SOURCE DATA:
★ ★ ★ ★ ★

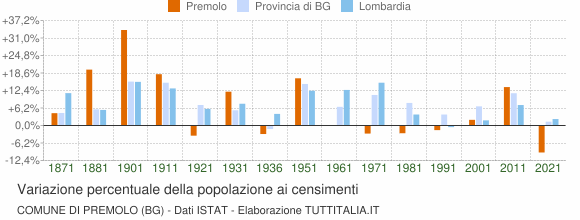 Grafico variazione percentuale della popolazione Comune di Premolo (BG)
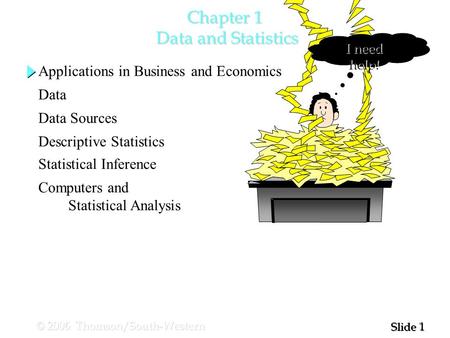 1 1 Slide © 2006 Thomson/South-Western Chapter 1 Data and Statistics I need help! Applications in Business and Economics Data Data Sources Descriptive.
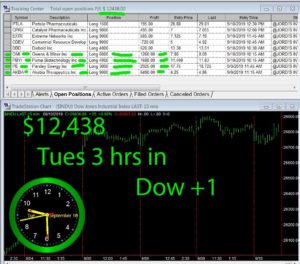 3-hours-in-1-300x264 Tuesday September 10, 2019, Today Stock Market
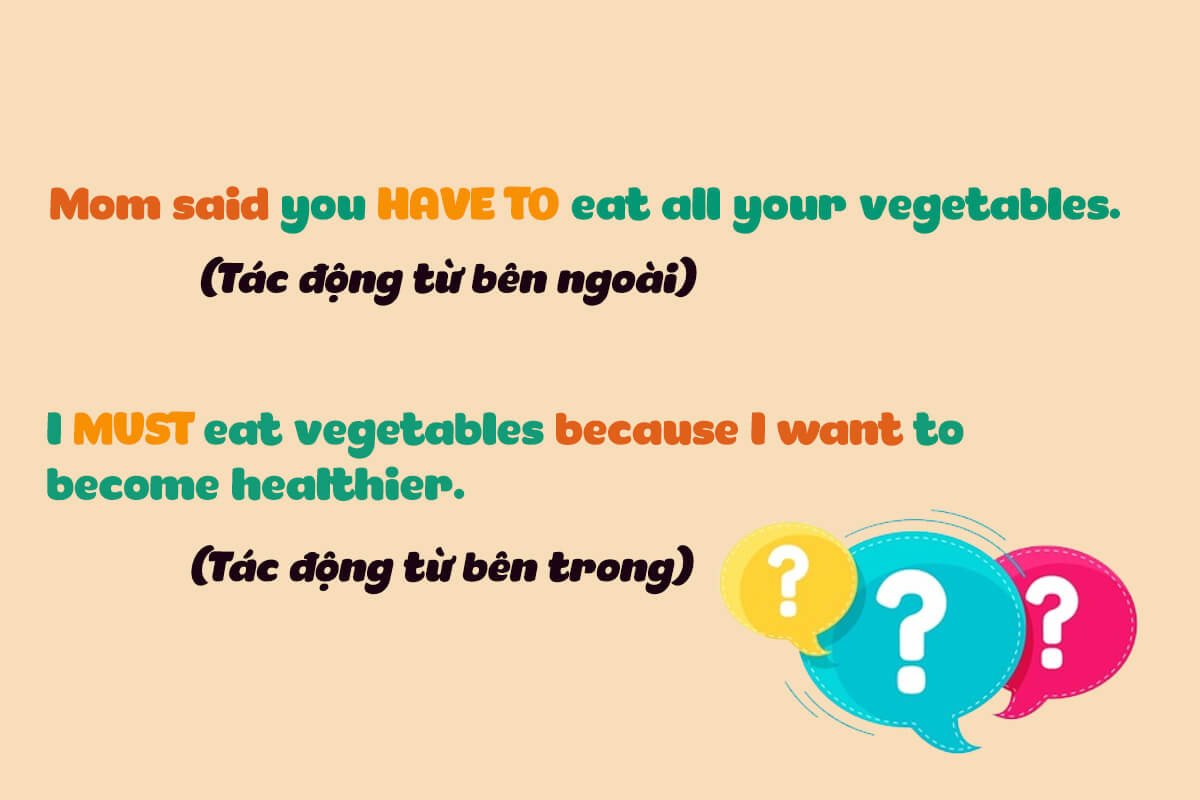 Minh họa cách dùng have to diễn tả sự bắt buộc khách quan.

★ ★ ★ ★ ★

WORK TO COMPLETE: Starting at the first line of the data, set down each line exactly until you have copied the line with "3-hours-in-1-300x264 Tuesday September", but leave the pictures out.

RESPONSE:
 Grafico variazione percentuale della popolazione Comune di Premolo (BG)
 1 1 Slide © 2006 Thomson/South-Western Chapter 1 Data and Statistics I need help! Applications in Business and Economics Data Data Sources Descriptive.
 3-hours-in-1-300x264 Tuesday September 10, 2019, Today Stock Market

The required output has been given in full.